Exercise details ::
Only the lines from the one containing "Hyundai i20 1.2 84 Creative" through the end of the records should be retyped, exactly and including both ends; pictures stay out.
*** Entries provided ***
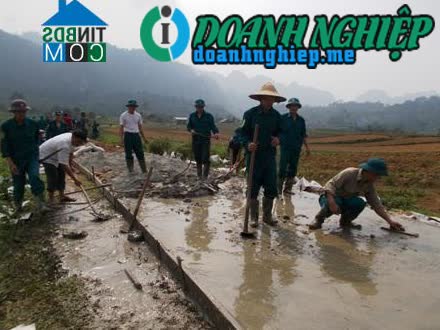 Image of List companies in Nang Kha Commune- Na Hang District- Tuyen Quang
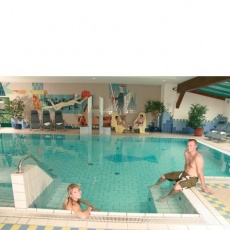 Hotel Tauernhof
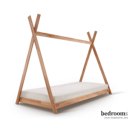 Bed tipi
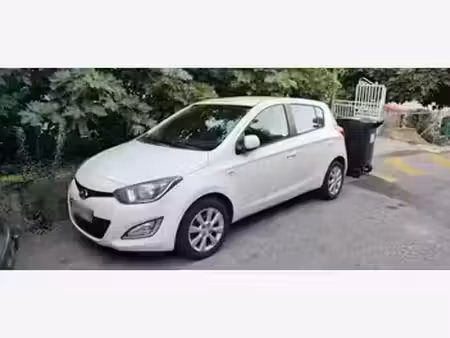 Hyundai i20 1.2 84 Creative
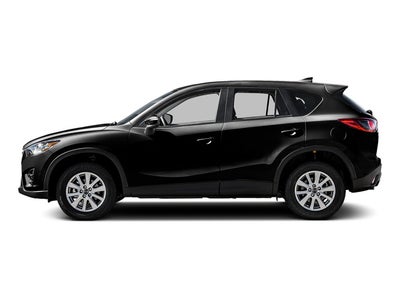 2016 Mazda Mazda CX-5 Touring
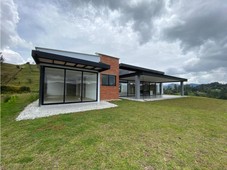 Vivienda de alto standing de 6300 m2 en venta Retiro, Departamento de Antioquia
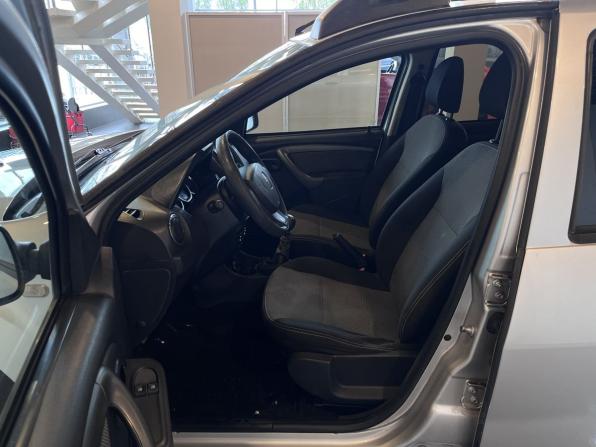 Renault Duster I Рестайлинг с пробегом 2015 года, цена 1 158 000 рублей, 155940 км, внедорожник, Автокод Объявления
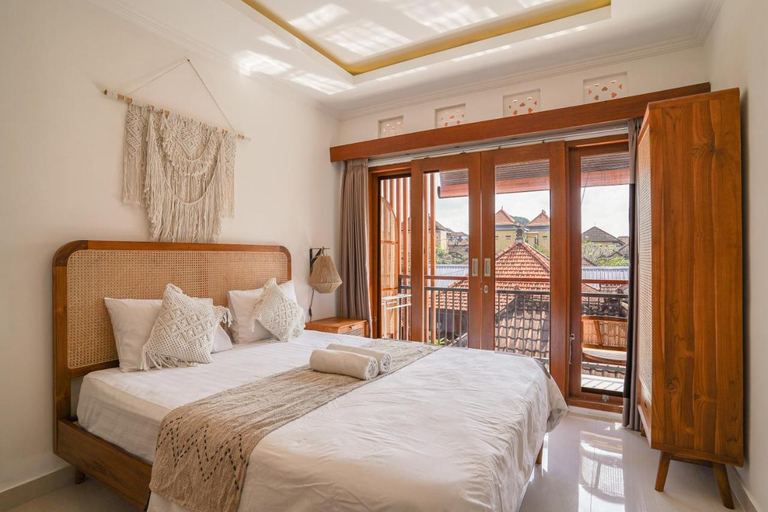 Bedroom 2, Made Arsa Homestay, Gianyar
***
Solution ::
 Hyundai i20 1.2 84 Creative
 2016 Mazda Mazda CX-5 Touring
 Vivienda de alto standing de 6300 m2 en venta Retiro, Departamento de Antioquia
 Renault Duster I Рестайлинг с пробегом 2015 года, цена 1 158 000 рублей, 155940 км, внедорожник, Автокод Объявления
 Bedroom 2, Made Arsa Homestay, Gianyar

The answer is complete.